I use environment variables to store my API keys for OpenAI and Pinecone. I use the dotenv package to load these keys from a .env file. This keeps my credentials hidden from notebooks and ready to pass to OpenAI and Pinecone.

Get env vars
Set env vars

Step 3: Set up vector index

Setting up an index in Piencone didn’t take long and was explained well in the developers guide (available when you set up an account).

Usually, when we talk about vector indexes, they refer to different methods used to ensure fast retrieval. In Pinecone, an index a place to store your vectors. It holds your embeddings, associated metadata and enables fast search. You can think of it in two ways:

  1. A collection of vectors: all the embeddings you want to retrieve from.

  2. Fast retrieval: as I discussed in a previous post on vector databases, the indexing methods are what allow the database to perform quick similarity searches.

To set up a Pinecone index, you first need to define a name (which can be seen in the Pinecone dashboard). Indexes are stored in Pinecone’s cloud, so you only need to create them once.

Define index

When creating a new index, you need to pass a few parameters:

  • name: the index name

  • dimension: the size of the embeddings (OpenAI embeddings)

  • metric: similarity metric used to compare vector

  • spec: defines the cloud and region where the index is stored

Step 4: Store embeddings with an ID

I decided to generate embeddings and vector IDs at the same time to ensure there is no misalignment between each chunk, embedding and vector ID.

Store embeddings

To speed things up, I use batch processing. Instead of sending each embedding to Pinecone one by one, I collect multiple embeddings in a batch and upload them together! Each vector stored in the index includes:

  • Vector ID: a unique id for the chunk.

  • Values: the vector generated by OpenAI embeddings.

  • Metadata: information like post title, chunk title, date and source, which gives the chatbot context for its responses.

Each batch is then upserted to Pinecone. Once stored, the vectors can be accessed whenever needed, so there’s no need to recreate them!

Step 5: Test Retrieval

I ran a quick check to see how well retrieval works!

To test:

  1. I define a query and embed it using the same OpenAI embedding model that I used to create the vectors.

  2. I query the Pinecone vector database and return the top 3 results.

  3. To mimic the final RAG chatbot process (see the diagram in the Chatbot Explained post), I add these top 3 chunks to the original user prompt and parse the LLM’s response.

The results are promising! Retrieval is much more accurate than in my Email Genie project. I think taking extra time to carefully decide how to chunk my data really paid off here!




Evaluation

Ideally, I want a more thorough way to test retrieval than just manually checking returns of a few queries. I think it would be good for me to build a mini test set, especially as I look to build on retrieval and improve it.

Mini-Test Set Explained

The idea is to define 20–30 prompts. For each prompt, I will set the ground truth:

  • The path of the blog post that contains the relevant information

  • The chunk name/s that include the correct answer

This will give me a controlled dataset to check whether retrieval is returning the correct content or not.

Evaluation Metrics

To assess retrieval performance, I plan to use:

  • Recall: measures whether the correct chunks are returned at all. A high recall means the chatbot is finding the correct information among the top results.

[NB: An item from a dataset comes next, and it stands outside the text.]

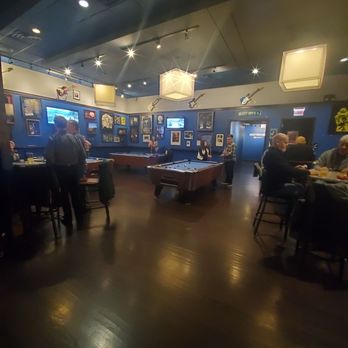 Buddy Guy's Legends - Upstairs. Pool is $1 (quarters) - Jazz & Blues Near Me - Chicago, Illinois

  • Precision: measures how many of the retrieved chunks are actually correct. High precision ensures that the chatbot isn’t returning unrelated content.




Summary

So now retrieval is set up, the next step is seeing if I can improve it! Right now, retrieval is pretty simple. It works well, but there are a few things I want to try out.

One thing I’d like to see is whether the chatbot can prioritise more recent posts in its responses by using recency-based retrieval. I’m also curious to see if combining vector search with keyword search returns better responses, or if it turns out that these extra complexities aren’t really needed and the simple approach works just fine.

My next focus will be building a test set that covers different scenarios. That way, I’ll have a proper way to compare performance and pick the best retrieval method!